The Stratospheric Observatory for Infrared Astronomy (SOFIA) is based on a Boeing 747SP wide-body aircraft that has been modified to include a large door in the aft fuselage that can be opened in flight to allow a 2.5 meter diameter reflecting telescope access to the sky. This telescope is designed for infrared astronomy observations in the stratosphere at altitudes of about 41,000 feet (about 12 km). SOFIA's flight capability allows it to rise above almost all of the water vapor in the Earth's atmosphere, which blocks some infrared wavelengths from reaching the ground. At the aircraft's cruising altitude, 85% of the full infrared range will be available.[1] The aircraft can also travel to almost any point on the Earth's surface, allowing observation from the northern and southern hemispheres.

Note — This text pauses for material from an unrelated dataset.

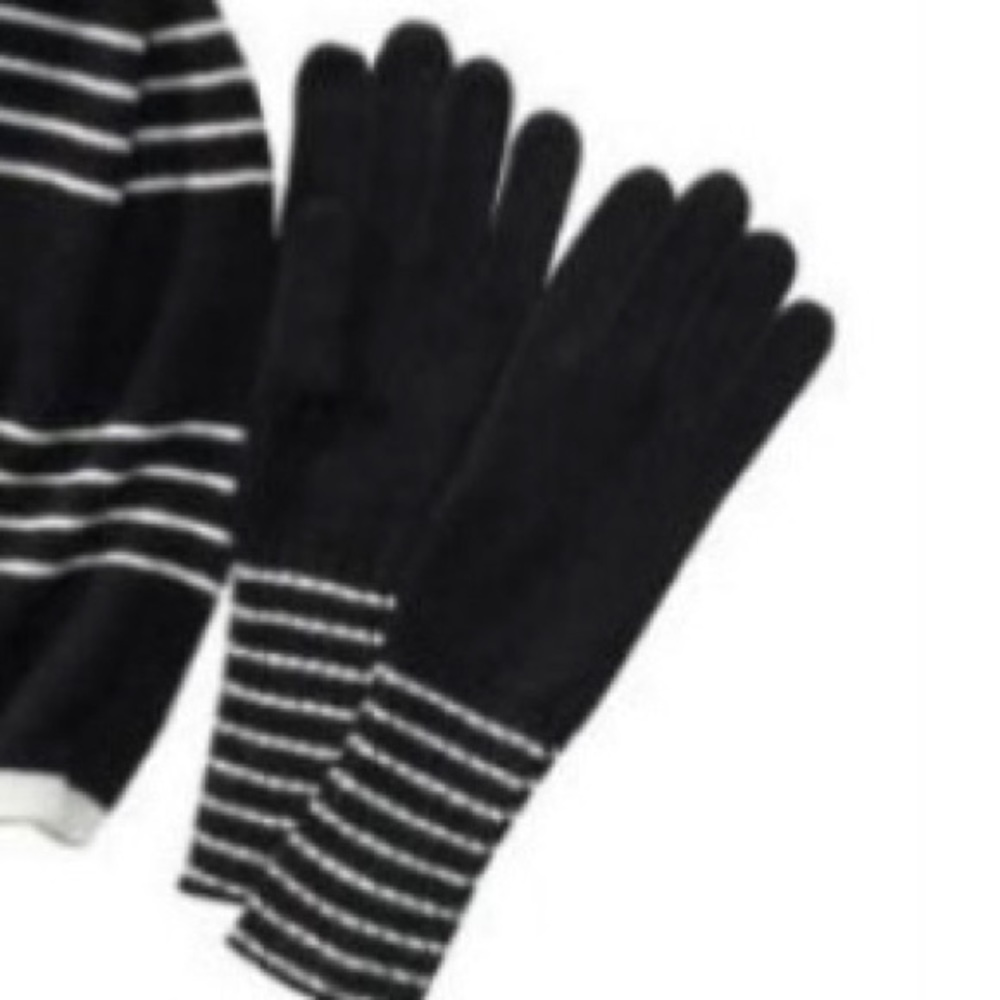 Merona Black and White Stripe Gloves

"SOFIA’s primary mirror, located near the bottom of the telescope, is 2.7 meters (almost 9 feet) across. The front surface, which is highly polished and then coated with Aluminum to ensure maximum reflectivity, is deeply concave (dished inward). Incoming light rays bounce off the curved surface and are all deflected inward at the same time they are reflected back up toward the front of the telescope."[2]

"Before the light reaches the telescope’s front end, however, it is intercepted by a small secondary mirror (about .4 meters across), which sends the light back down toward the center of the main mirror. About a meter above the center of the main mirror, a third mirror sends the light out through the side of the telescope, down a long tube which projects through the main aircraft bulkhead into the interior of the SOFIA aircraft. There, at the telescope’s focal point, the light will be recorded and analyzed by one of several different instruments."[2]

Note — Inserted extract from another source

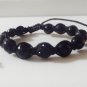 Black Rhinestone & Onyx Shamballa Bracelet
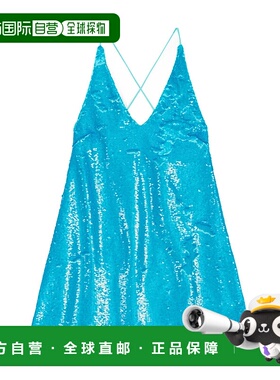 GANNI 女士连衣裙 F7740803 SS2023 蓝色 GANNI's mini dress dre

"Astronomers tend to compare telescopes based on the diameter of their primary mirrors. SOFIA’s telescope is usually referred to as a 2.5-meter meter telescope, rather than 2.7 meters, because the optical design requires that only about 90% of the mirror’s reflecting surface (called the "effective aperture") can be used at any one time. Although SOFIA’s telescope is by far the largest ever to be placed in an aircraft, compared to normal ground-based research observatories it is only medium-sized (the world’s largest single-mirror telescope, the Subaru, is 8.2 meters across)."[2]

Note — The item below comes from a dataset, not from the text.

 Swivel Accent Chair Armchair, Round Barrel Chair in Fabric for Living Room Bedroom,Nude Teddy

ER-2 high altitude research aircraft[edit | edit source]

ER-2 tail number 809, is one of two Airborne Science ER-2s used as science platforms by Dryden. Credit: NASA/Jim Ross.

"ER-2 tail number 809, is one of two Airborne Science ER-2s used as science platforms by Dryden. The aircraft are platforms for a variety of high-altitude science missions flown over various parts of the world. They are also used for earth science and atmospheric sensor research and development, satellite calibration and data validation."[3]

"The ER-2s are capable of carrying a maximum payload of 2,600 pounds of experiments in a nose bay, the main equipment bay behind the cockpit, two wing-mounted superpods and small underbody and trailing edges. Most ER-2 missions last about six hours with ranges of about 2,200 nautical miles. The aircraft typically fly at altitudes above 65,000 feet. On November 19, 1998, the ER-2 set a world record for medium weight aircraft reaching an altitude of 68,700 feet."[3]

"The aircraft is 63 feet long, with a wingspan of 104 feet. The top of the vertical tail is 16 feet above ground when the aircraft is on the bicycle-type landing gear. Cruising speeds are 410 knots, or 467 miles per hour, at altitude. A single General Electric F118 turbofan engine rated at 17,000 pounds thrust powers the ER-2."[3]

Aircraft assisted launches[edit | edit source]

Orbital Sciences' L-1011 jet aircraft releases the Pegasus rocket carrying the Space Technology 5 spacecraft with its trio of micro-satellites. Credit: NASA.
This image shows a Pegasus being carried to altitude by B-52. Credit: NASA.

The Pegasus is carried aloft below a carrier aircraft and launched at approximately 40,000 ft (12,000 m). The carrier aircraft provides flexibility to launch the rocket from anywhere rather than just a fixed pad. A high-altitude, winged flight launch also allows the rocket to avoid flight in the densest part of the atmosphere where a larger launch vehicle, carrying much more fuel, would be needed to overcome air friction and gravity.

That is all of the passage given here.